__PROVIDED DATA__:
= = = = = = =

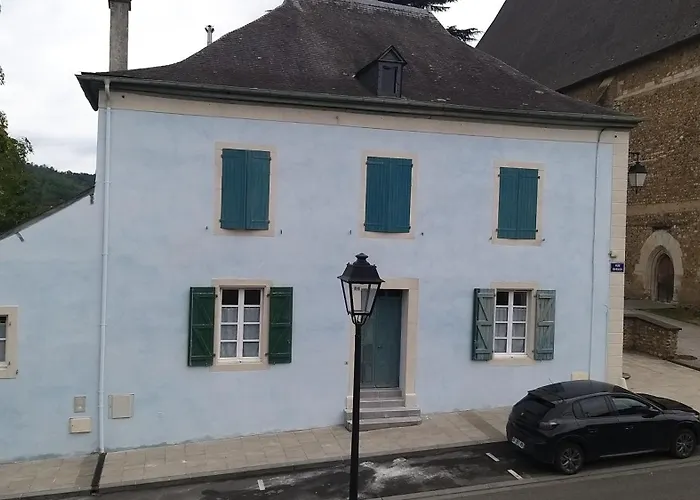 Apartament L'Immortela Monein zdjęcie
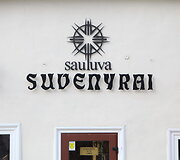 Pavyzdys, kaip turėtų atrodyti i&scaron;orinė reklama Vilniuje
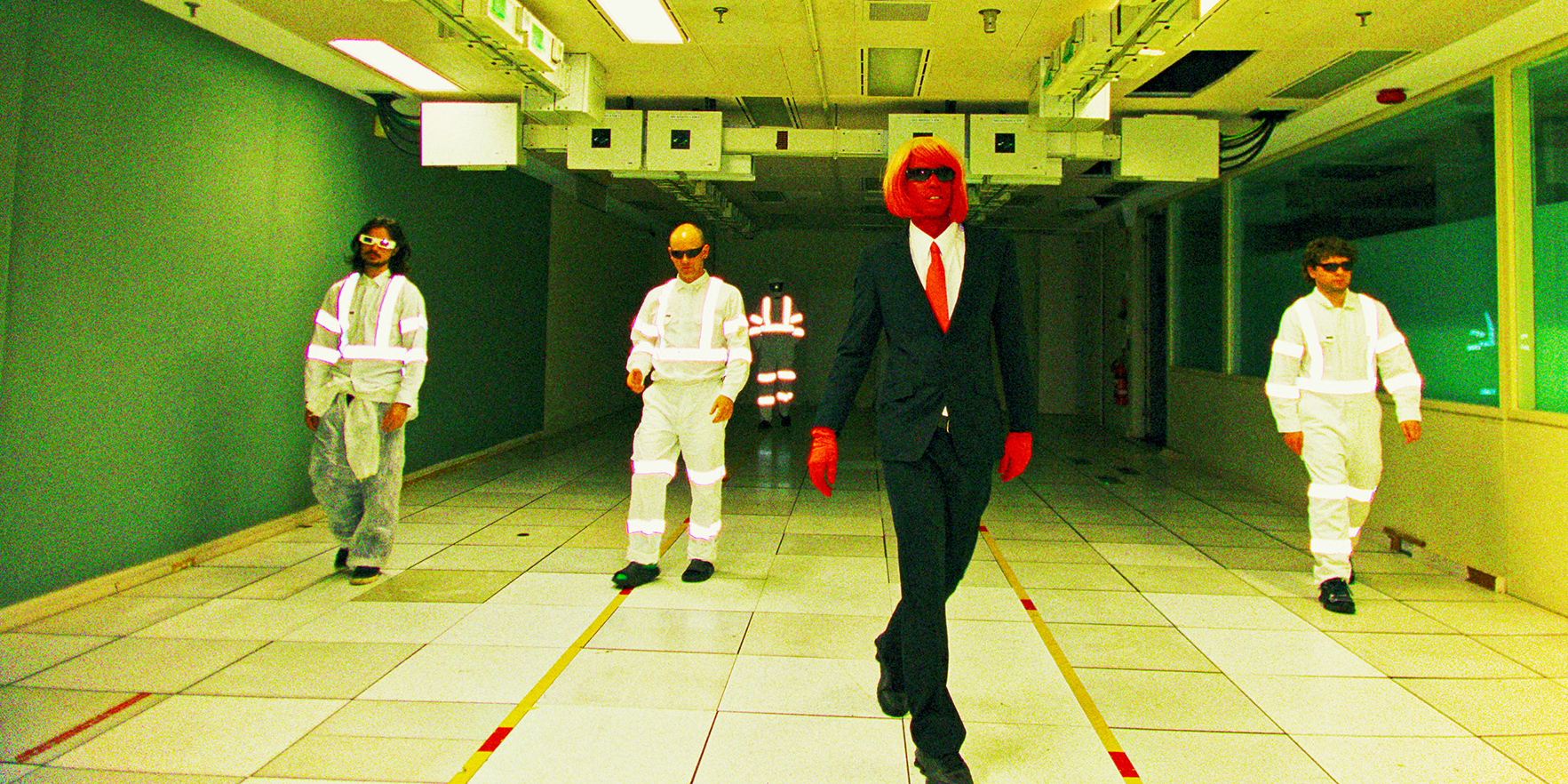 In The Block Universe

= = = = = = =

Reproduce the listing exactly, but keep its images out of the copy.

 Apartament L'Immortela Monein zdjęcie
 Pavyzdys, kaip turėtų atrodyti i&scaron;orinė reklama Vilniuje
 In The Block Universe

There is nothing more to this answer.